There are also some big search ranking mistakes I make here:
- I don’t use categorical archives, mostly because I don’t have enough written (yet). The idea with categorical archives is to extend the reach of your specific content by creating landing pages for broader categories. Google should consider your topical page on “baseball cards” an authoritative page if your 50 baseball card posts link there, you link every time you use the anchor text “baseball cards” across your site, and you craft your HTML to focus on that keyword.

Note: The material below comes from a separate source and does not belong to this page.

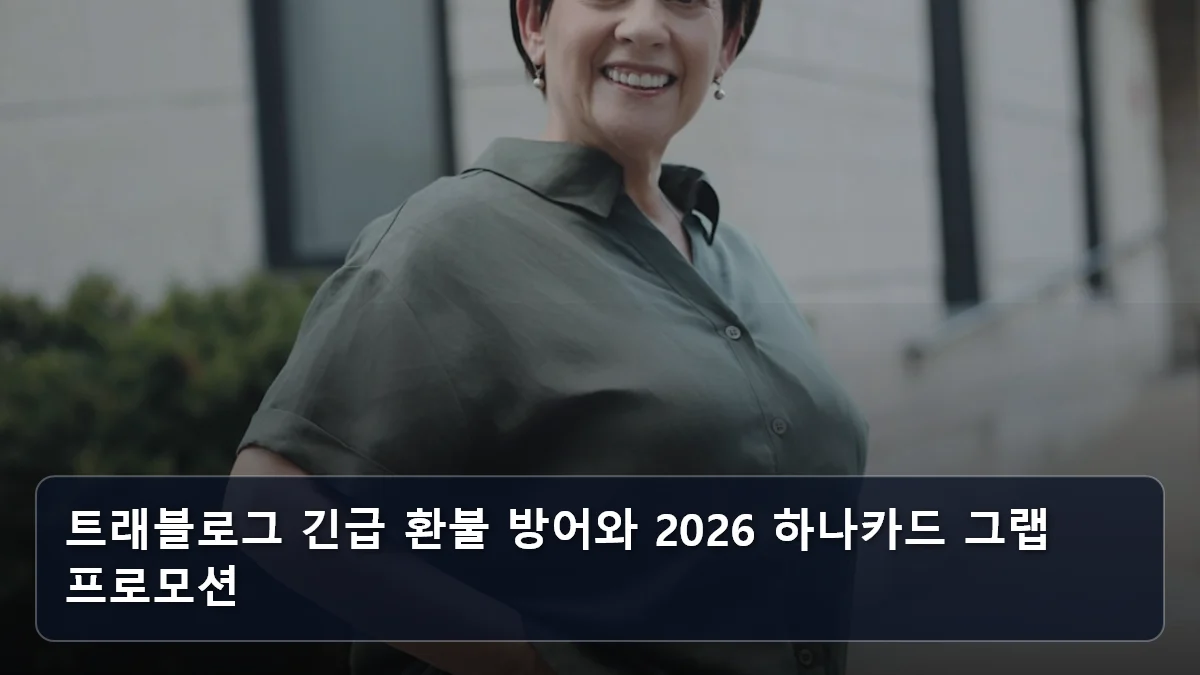다낭·나트랑 항공편 무더기 취소 대응법: 2026 항공유 부족 사태 속 '우회 노선' 선점과 트래블로그를 활용한 긴급 환불 방어 재테크 4 트래블로그 긴급 환불 방어와 2026 하나카드 그랩 프로모션 관련 이미지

- I’ve known for a long time that “Josh Klein Web Strategy” is the H1 tag for every page on my site, but been too preoccupied to change it. I think this is preventing pages other than the home page (like individual article pages) from ranking as well as they should for their respective topics.
The title of a page should also be in the H1 tag. The site title makes more sense as an H2 tag, except on the homepage. Google might be misinterpreting my site’s content.
- I don’t do any link baiting or social media optimization. I try to avoid what I call “Top 10 Ways Ducks Quack” articles, my early posts and recent list of SEO tricks notwithstanding. I felt horrible about writing about SEO an hour after I published it.
One of you even called me out on it at a bar. Nothing is less cool than talking about SEO in front of normies (you know, non-internet dweebs). The worst part about that post was how fast it spread, particularly on Twitter. Blech.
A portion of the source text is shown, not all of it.